In 1983, the Norwegian American Football Federation (NAFF) was founded, and played its first international game in Stockholm, Sweden, and won 38–0.  An article of the game appeared in the Norway's second largest newspaper Dagbladet, on January 28, 1985.  In Stockholm, Sweden, again, for the first Scandinavian Cup in American football, to be played by Sweden, Finland' and Norway, NAFF became the champion.  An article on the Cup appeared in SAGA, Norway's English-language newspaper, on September 19, 1985.

Challenging the Coventry Bears American Football Club in England, on May 9, 1986, NAFF became victorious.

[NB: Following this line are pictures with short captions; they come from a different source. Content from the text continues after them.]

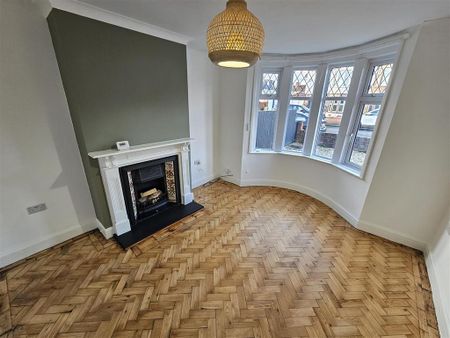 4 bedroom semi-detached house to rent - Photo 2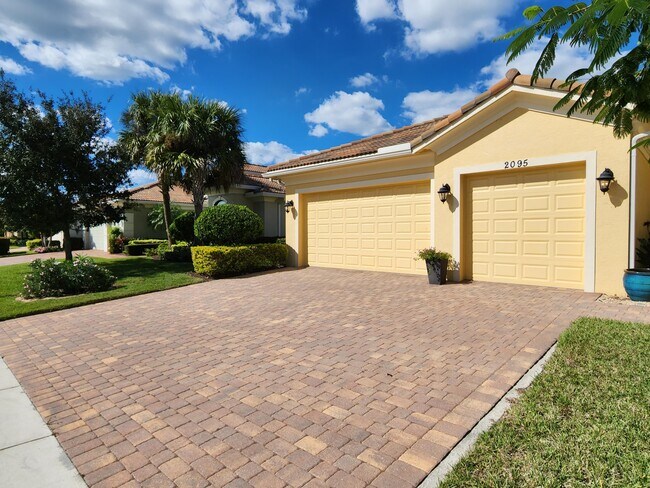 Building Photo - 2095 NW Diamond Creek Way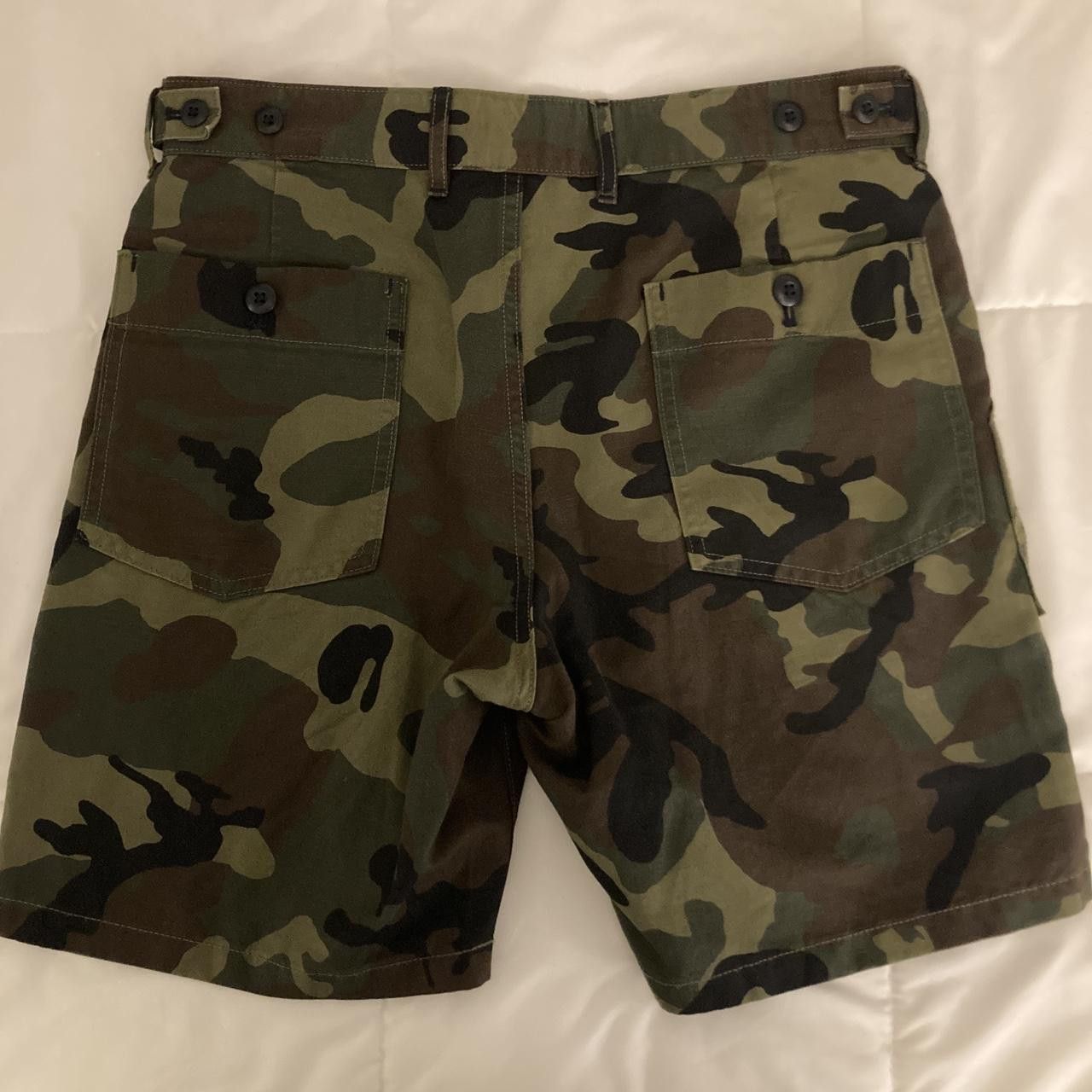 J.Crew J.Crew Camo Camp Shorts Size US 29 - 2 Thumbnail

The Norwegians tasted football defeat for the first time when St. Olaf College from Minnesota was invited to Oslo during 1986, and the final score was 65–0.

The football players from Norway traveled to Minnesota to play St. Olaf College again.  NAFF lost again 65–0, the college boys intentionally decided not to run up the score on their visitors.  An article of the game appeared in the local newspaper called The News, Northfield, Minnesota, on July 21, 1988.

St. Olaf College arranged for NAFF players to visit the Minnesota Vikings training camp and to socialize with the professional players of American football.